Regarding "comfort zone" versus "shockers", I'm not bothered about Bond against other series such as Batman. I'm mostly looking at the Bond series. I'd say the following qualify as shockers.
Doctor No - up until this we Brits didn't do films in which the "hero" killed a villain (Dent) and then unloaded a few more bullets into the corpse. Just not British, don't you know.
From Russia With Love - more of the same. Bond slaps Tania about and brutally kills Grant - and the moment when "Nash" is revealed as Grant is a real moment of danger for Bond.
OHMSS - no more Connery. A shock in itself.
The Living Daylights - in spite of the script, an actor playing James Bond as Ian Fleming's James Bond.
Licence To Kill - a shocker, but would have been even better with a different team working with Dalton. As it is, the old team working overtime to prove they could do "tough and brutal".
Casino Royale (2006) - I don't agree that it was a missed opportunity. The parkour chase and the mayhem at Miami airport were nods towards the expected, but the rest mostly confounded audience expectations, and it worked brilliantly. Be honest - your typical audience wouldn't have expected a scene in which a naked Bond has his prized possessions knocked about (Frankly I was shocked the scene was filmed at all.)
Quantum of Solace - A shocker because of the direction style, although if there's an argument that Skyfall borrowed from a certain director's way then surely it also applies here, given the number of films involving "shaky-cam". I was knocked back a bit by QoS, but it gets better and better every time I watch.

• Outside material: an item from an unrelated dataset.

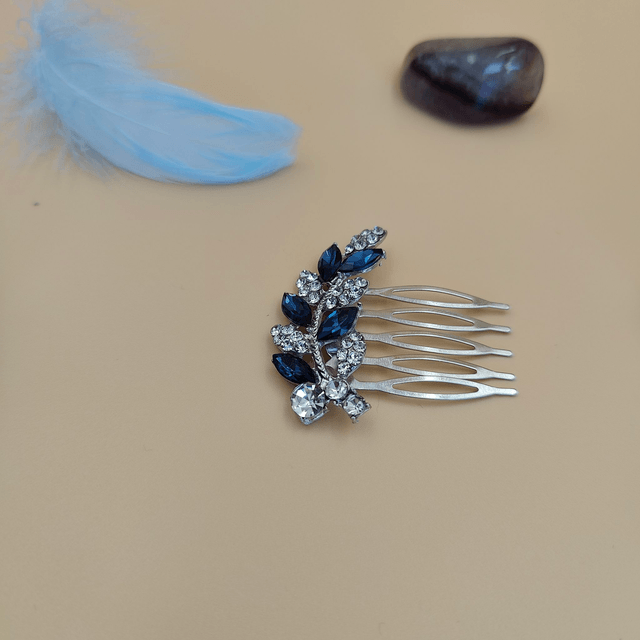 Petit peigne à cheveux strass bleu ou rouge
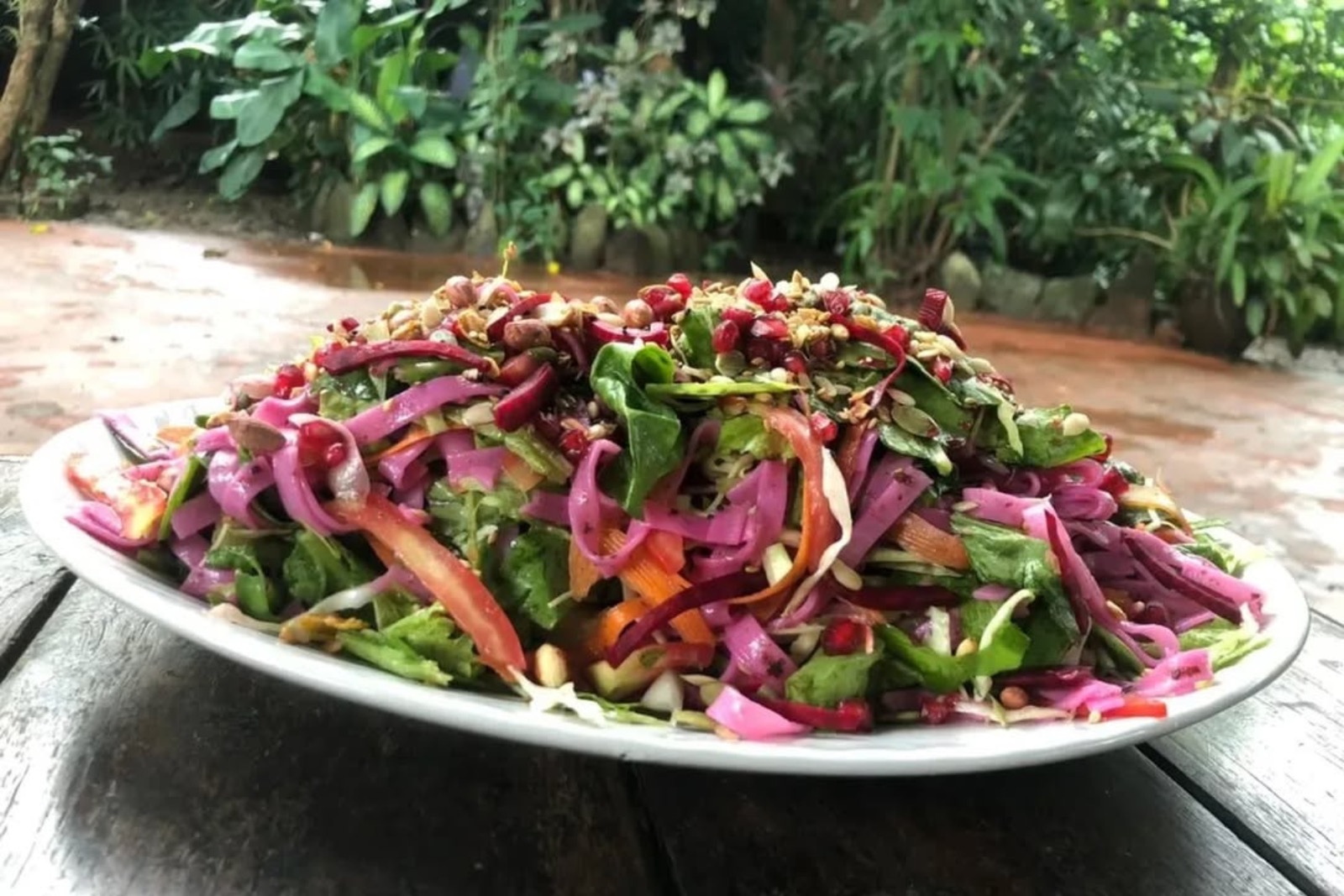 Fresh vegan meal at Bhakti Kutir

Skyfall - for the reasons I mentioned in a previous post. I could have added "M is killed off", which is a shocker, I suppose. One of my relations reckoned it was a "great film but not a great Bond film". I think it's both. But surely it's a shock when "great film" and "Bond film" are used in the same sentence. We've all been used to Bond films as being box office gold but apparently not worthy of critical acclaim. This film - and CR 2006 - managed both.
The rest - from GF to YOLT, from DAF to AVTAK, from GE to DAD? Comfort zone. Goldfinger set a great precedent. Two films followed it. Diamonds Are Forever set a different one - more camp, more humourous. Two more films followed that. One could argue that the Roger Moore era was one big comfort zone - two films following the lead of DAF, then five more suited to his Bond. The Brosnan era was, I thought, not a bad attempt to bring the 60s Bond into the 90s - but not ground-breaking.